By Dan Bayer
This past fall, Bonnie Dobson was working from her home in Mebane, North Carolina. Bonnie was part of Down Home’s Deep Canvassing team and was involved in a project that sought to sway voters’ allegiances from Donald Trump to Joe Biden. She had picked up the phone and called a woman on her list named Linda. “She was a white woman, very Southern, born and raised in North Carolina,” recalls Bonnie. “She was a Trump supporter.”
“I told her that my husband had lost his job and that it was really tough because I didn’t know how we were going to make ends meet,” Bonnie continues. “She explained that [her family] had gone through tough times in the past, so we bonded over that.”
As she had been trained, Bonnie continued asking questions and carefully listening to Linda’s responses. “We talked about race relations, and there’s where it got a little tricky. Linda expressed that she was not prejudiced, but she didn’t understand why people were looting and rioting after George Floyd was murdered.

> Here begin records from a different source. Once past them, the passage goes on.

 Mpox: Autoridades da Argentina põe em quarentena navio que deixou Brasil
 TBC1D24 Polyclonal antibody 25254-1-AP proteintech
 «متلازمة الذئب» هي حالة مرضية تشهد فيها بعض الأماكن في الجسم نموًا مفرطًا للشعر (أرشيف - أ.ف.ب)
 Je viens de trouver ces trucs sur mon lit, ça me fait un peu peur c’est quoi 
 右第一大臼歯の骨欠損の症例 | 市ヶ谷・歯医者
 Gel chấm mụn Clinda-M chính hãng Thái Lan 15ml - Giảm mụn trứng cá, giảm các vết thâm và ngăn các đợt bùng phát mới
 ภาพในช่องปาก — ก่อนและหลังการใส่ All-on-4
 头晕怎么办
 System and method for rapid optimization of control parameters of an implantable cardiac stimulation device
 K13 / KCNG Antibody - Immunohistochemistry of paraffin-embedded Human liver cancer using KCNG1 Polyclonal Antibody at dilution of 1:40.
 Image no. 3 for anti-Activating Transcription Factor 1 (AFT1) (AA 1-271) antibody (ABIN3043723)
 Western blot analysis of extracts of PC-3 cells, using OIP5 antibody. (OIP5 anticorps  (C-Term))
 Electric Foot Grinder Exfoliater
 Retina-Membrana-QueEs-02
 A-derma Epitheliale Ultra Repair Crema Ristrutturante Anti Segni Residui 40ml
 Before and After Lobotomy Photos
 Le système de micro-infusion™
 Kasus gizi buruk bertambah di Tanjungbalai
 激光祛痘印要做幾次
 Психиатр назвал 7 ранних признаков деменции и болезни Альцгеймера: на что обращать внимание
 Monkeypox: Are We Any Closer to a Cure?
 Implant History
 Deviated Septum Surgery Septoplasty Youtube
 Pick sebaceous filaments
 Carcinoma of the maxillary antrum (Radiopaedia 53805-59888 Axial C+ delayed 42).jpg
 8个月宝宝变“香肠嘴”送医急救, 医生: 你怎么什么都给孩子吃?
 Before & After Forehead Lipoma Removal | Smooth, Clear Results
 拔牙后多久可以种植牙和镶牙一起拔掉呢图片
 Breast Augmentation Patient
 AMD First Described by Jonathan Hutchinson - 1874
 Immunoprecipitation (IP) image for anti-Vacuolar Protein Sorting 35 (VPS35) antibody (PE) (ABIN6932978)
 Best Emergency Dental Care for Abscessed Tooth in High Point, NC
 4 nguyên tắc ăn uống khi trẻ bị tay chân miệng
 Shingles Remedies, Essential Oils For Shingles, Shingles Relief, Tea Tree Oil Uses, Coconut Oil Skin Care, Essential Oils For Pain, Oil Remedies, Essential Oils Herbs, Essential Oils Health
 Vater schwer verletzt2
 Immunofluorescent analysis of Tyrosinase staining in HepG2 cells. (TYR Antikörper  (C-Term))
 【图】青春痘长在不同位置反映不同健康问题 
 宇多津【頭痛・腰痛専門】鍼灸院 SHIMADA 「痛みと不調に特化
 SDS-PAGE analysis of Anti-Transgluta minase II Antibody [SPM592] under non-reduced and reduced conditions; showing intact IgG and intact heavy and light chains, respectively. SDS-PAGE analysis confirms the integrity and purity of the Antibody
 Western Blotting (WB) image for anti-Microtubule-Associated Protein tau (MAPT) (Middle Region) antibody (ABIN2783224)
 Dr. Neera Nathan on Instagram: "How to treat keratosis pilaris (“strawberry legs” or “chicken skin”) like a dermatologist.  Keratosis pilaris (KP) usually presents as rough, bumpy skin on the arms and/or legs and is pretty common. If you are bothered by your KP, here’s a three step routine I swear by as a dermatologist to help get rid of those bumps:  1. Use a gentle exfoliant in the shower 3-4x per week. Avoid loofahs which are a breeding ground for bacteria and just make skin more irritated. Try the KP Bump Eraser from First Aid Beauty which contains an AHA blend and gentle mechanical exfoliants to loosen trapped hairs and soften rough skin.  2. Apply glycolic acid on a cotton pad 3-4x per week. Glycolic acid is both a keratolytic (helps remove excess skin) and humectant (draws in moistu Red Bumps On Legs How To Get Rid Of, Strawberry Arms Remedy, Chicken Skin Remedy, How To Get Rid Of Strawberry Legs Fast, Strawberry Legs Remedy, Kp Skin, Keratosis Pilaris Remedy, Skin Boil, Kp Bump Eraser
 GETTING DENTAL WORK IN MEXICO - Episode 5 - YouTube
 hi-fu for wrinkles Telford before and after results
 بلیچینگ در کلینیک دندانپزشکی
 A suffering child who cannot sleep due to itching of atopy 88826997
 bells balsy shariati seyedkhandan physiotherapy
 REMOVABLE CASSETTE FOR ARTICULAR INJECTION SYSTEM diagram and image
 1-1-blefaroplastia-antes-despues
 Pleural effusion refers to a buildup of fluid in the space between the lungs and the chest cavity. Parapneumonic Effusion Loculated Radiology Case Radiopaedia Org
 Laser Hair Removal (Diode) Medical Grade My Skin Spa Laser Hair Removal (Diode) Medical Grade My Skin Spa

Prior to that, I had not explained to Linda that I was black. So I told her I was, and what my experience over the years had been being African-American.
“At that point she kind of got quiet, and tried to tell me that I was ‘different.’ I said, I’m really not, to be honest with you. We talked about how we’re all human, and by the end of the call Linda completely understood where I was coming from. She moved …from being a Trump supporter to being not sure,” Bonnie says. “She told her husband, who was sitting next to her, that my husband was out of work and he offered him a job. We ended up friends. It was a great conversation, with a woman I probably would never have talked to on the street, and we ended up caring about one another.”
In 2020, Down Home’s Deep Canvassing team held thousands of conversations just like this one. In fact, Deep Canvassers and other Down Home volunteers had over 28,800 conversations like Bonnie and Linda’s this year.
Deep Canvassing has become a crucial part of Down Home’s outreach efforts in rural areas over the last two years, and it became an essential tool in our efforts around the 2020 elections. Pioneered by the Los Angeles LGBT Center in the aftermath of California’s passage of Proposition 8, Deep Canvassing hinges on a radical bit of inspiration: What if instead of talking at people in an effort to sway their opinions on a controversial issue, you instead talked with them?
Down Home’s Deep Canvassing, often done in concert with People’s Action, has been expansively used to interact with North Carolina voters around issues such as universal healthcare, undocumented immigration, and, now, candidate persuasion. The goal is to have honest, face-to-face discussions with people– a method that resonates with how rural North Carolina ticks. Deep Canvassers seek to find the source of voter’s feelings about controversial issues and hear the personal stories behind those feelings. In return, canvassers also share their own struggles, creating a sense of human connection that can transcend deep-seated prejudices.
Down Home member Amy Cooper had worked more traditional canvassing jobs before, but found that “no one wanted to talk.” Deep canvassing interested her because it is based around storytelling. Amy explains that she would share her personal healthcare story to open up conversations while Deep Canvassing. “If I hadn’t qualified for Medicaid, with the pregnancy condition I had, I would’ve died,” she explains. “For them to know that Wow, this person who’s talking to me, if they hadn’t been covered by insurance, they would’ve died. That’s a real thing.”
Studies by researchers David Broockman of UC Berkeley and Josh Kalla of Yale have shown that Deep Canvassing is more effective at changing voters’ attitudes than traditional political outreach methods such as advertising and shorter, more transactional canvassing. This makes it promising for organizing in rural communities where people’s viewpoints trend towards traditional and conservative.
Part of changing voter’s minds is allowing them to talk to those whose life stories have been distorted through cultural stereotypes, such as those who use public assistance or are the victims of police violence, putting a human face on what otherwise could just remain conservative talking points. By telling their own stories, canvassers can change the underlying narratives that candidates and politicians in the rural South play upon when they appeal to people’s prejudices.
Forcing voters to acknowledge the contradictions between what they’re told about how our economic system is supposed to operate and the real-world experiences of themselves and others is key to how deep canvassing works, says Amy. “Things that are stigmatized really need to be worked on by deep canvassing.”
“Deep canvassing can certainly be used for race relations and LGBTQ rights,” says Dobson, thinking about the potential of the work in the future and reflecting on the transformative conversations she has been able to have through the project.
“Everyone just wants a chance to share their story and be heard,” agrees Amy.